NEW YORK (MainStreet) — For much of this year, governors in states like Wisconsin and New Jersey have launched feverish debates about the salaries of public employees like teachers, but a new report may turn that spotlight on a new group: presidents of public colleges.
Salaries and compensation for public college presidents averaged a very generous $375,442 in the 2009-2010 school year, an increase of roughly 1% from the previous year, according to data released this week by the Chronicle of Higher Education. In fact, many presidents around the country earned twice that amount or more.
E. Gordon Gee, president of Ohio State University, earned a total compensation of $1.3 million, while Francisco Cigarroa and William C. Powers Jr., presidents of the University of Texas and the University of Texas, Austin, respectively, each earned roughly $750,000. And each of the presidents in the top 10 earned more than half a million dollars.
These numbers are even higher if the total cost of employment for these professors (are they really profesors?), meaning additional funds paid for car allowances, tuition assistance, retirement costs and other deferred compensation, are factored in. With this factored in, Gee actually earned close to $2 million for the school year, while Mark Emmert, president of the University of Washington, earned more than $900,000.
As lavish as these salaries may be, they’re still nothing compared to the salaries of those who head up private universities.

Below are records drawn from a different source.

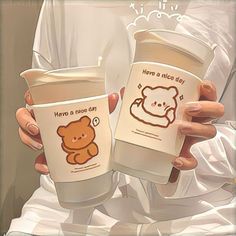 two people holding up coffee cups with bears on them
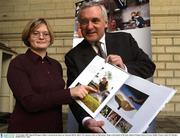 10 November 2003; Special Olympics athlete Catriona Ryan shows an Taoiseach Bertie Ahern T.D. a picture of her in Midsummer Magic at the launch of the book. Bank of Ireland, House of Lords, Dublin. Picture credit; Pat Murphy / SPORTSFILE *EDI*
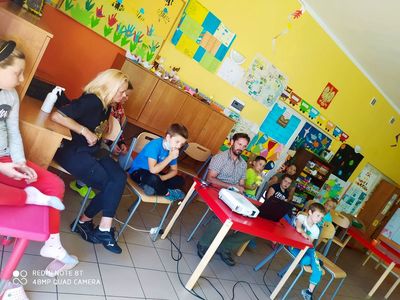Dzieci z Placówki Wsparcia Dziennego w Laskach oglądają prezentację multimedialną przygotowaną przez myśliwego.
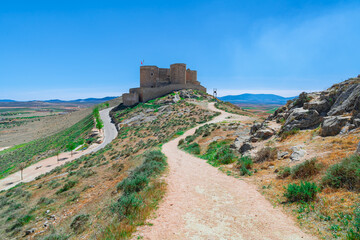 Fototapeta na wymiar Castillo medieval en lo alto de una colina con caminos, desde Consuegra, Toledo, España.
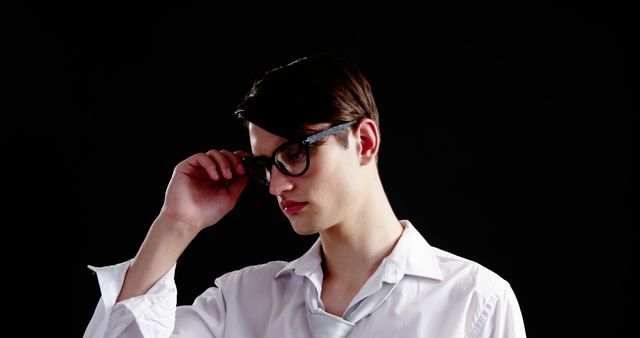 Young Professional Adjusting Glasses in Minimalist Space - Download Free Stock Images Pikwizard.com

One report put out by the Chronicle last year found that 30 private university presidents earned at least $1 million in total compensation in the 2008-2009 school year, with some earning a whopping $4 million or more.
But even though private university presidents generally earn more than the heads of public schools, the Chronicle notes that it’s the public university presidents who are particularly susceptible to public outrage, precisely because they work for a state-funded institution at a time when many states are struggling to balance their budgets.